For the data below, transcribe the part that opens with the line containing "Dusty Blue Wappen" and closes with the line containing "11月转正工作总结模板_第1页", exactly and with no pictures.

▶ **ENTRIES SHOWN**:
-- -- --

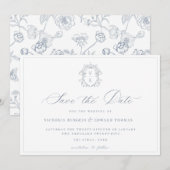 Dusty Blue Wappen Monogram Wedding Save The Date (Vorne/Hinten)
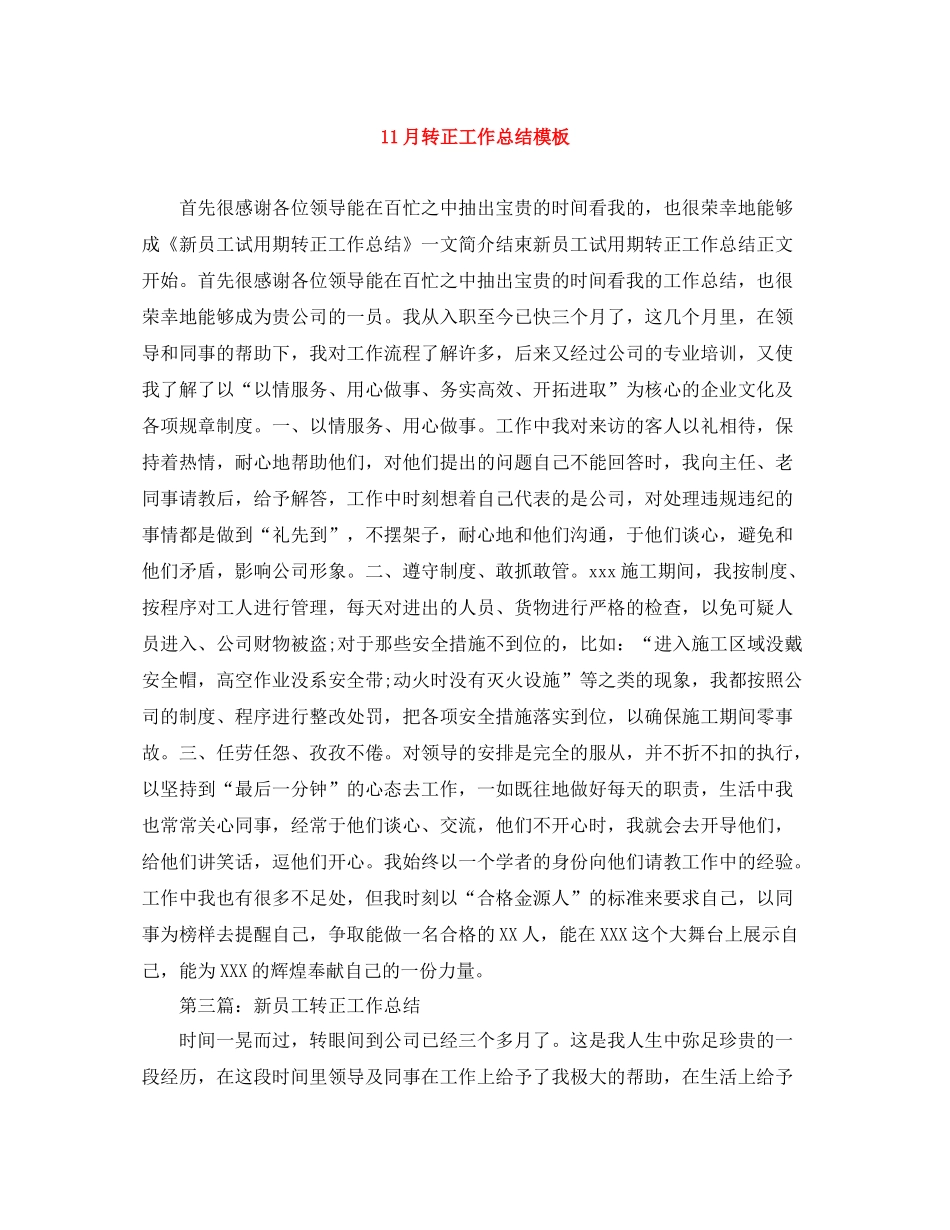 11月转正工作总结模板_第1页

-- -- --

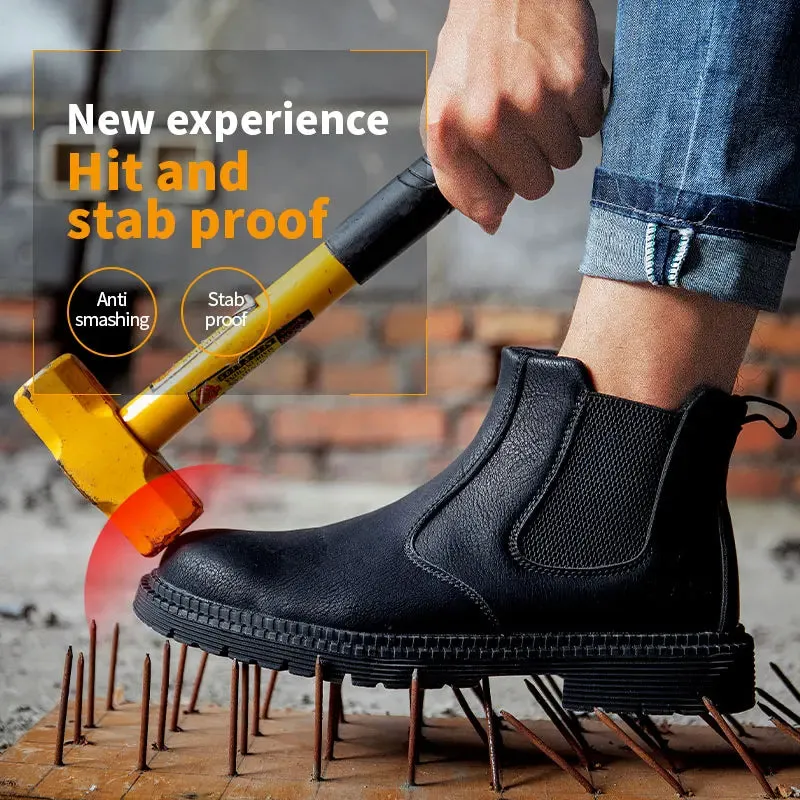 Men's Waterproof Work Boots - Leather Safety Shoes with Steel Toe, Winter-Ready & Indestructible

-- -- --

▶ **WRITTEN REPLY**:
 Dusty Blue Wappen Monogram Wedding Save The Date (Vorne/Hinten)
 11月转正工作总结模板_第1页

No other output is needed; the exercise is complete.